=== SOURCE MATERIAL ===
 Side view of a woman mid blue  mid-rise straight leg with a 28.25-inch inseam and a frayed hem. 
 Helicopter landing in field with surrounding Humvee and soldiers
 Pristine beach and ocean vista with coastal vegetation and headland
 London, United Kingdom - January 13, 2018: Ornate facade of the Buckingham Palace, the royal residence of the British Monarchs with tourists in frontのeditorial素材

---

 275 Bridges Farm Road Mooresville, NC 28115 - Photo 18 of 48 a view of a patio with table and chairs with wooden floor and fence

=== PROBLEM ===
Scan the data above and copy each line containing the word "view".

=== YOUR SOLUTION ===
 Side view of a woman mid blue  mid-rise straight leg with a 28.25-inch inseam and a frayed hem. 
 275 Bridges Farm Road Mooresville, NC 28115 - Photo 18 of 48 a view of a patio with table and chairs with wooden floor and fence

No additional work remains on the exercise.